▶ **Activity**:
Return the whole listing, line for line, without the pictures in it.

▶ **Dataset content**:
****************************************

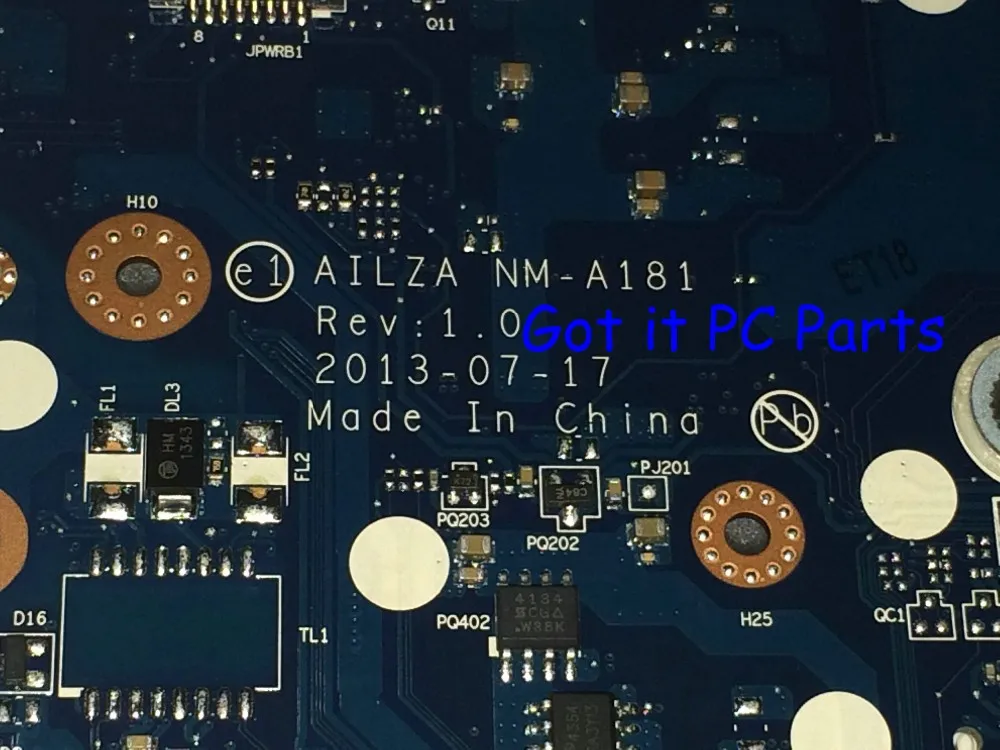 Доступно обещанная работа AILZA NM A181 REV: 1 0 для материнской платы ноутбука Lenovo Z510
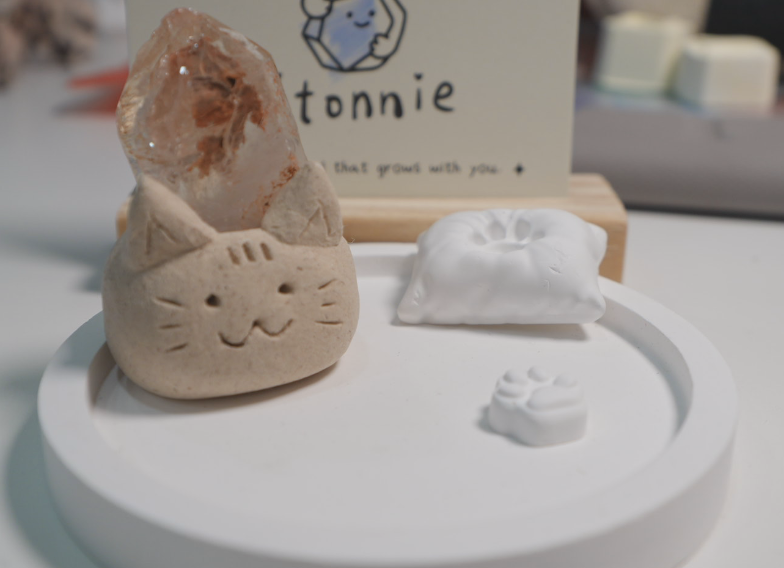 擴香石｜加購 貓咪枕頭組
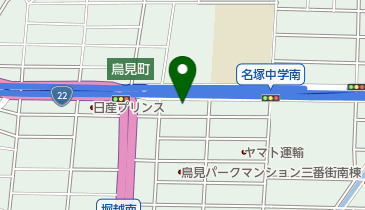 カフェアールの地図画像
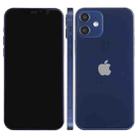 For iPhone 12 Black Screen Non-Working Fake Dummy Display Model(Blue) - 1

****************************************

▶ **Answer box**:
 Доступно обещанная работа AILZA NM A181 REV: 1 0 для материнской платы ноутбука Lenovo Z510
 擴香石｜加購 貓咪枕頭組
 カフェアールの地図画像
 For iPhone 12 Black Screen Non-Working Fake Dummy Display Model(Blue) - 1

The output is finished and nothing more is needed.